(Beginning of Material provided)
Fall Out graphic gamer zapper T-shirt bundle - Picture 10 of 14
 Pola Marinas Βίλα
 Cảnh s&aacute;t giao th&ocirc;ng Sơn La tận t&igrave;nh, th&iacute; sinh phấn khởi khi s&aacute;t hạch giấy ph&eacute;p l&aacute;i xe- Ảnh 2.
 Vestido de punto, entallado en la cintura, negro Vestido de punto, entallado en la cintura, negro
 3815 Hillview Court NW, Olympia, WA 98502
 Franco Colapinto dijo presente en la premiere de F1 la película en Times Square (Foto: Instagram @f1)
(End of Material provided)
- _Work instruction_
Your reply should be nothing but the lines from the one containing "Vestido de punto, entallado en la cintura, negro Vestido" through the last line above, copied exactly; please include both ends.

- _The answer_
 Vestido de punto, entallado en la cintura, negro Vestido de punto, entallado en la cintura, negro
 3815 Hillview Court NW, Olympia, WA 98502
 Franco Colapinto dijo presente en la premiere de F1 la película en Times Square (Foto: Instagram @f1)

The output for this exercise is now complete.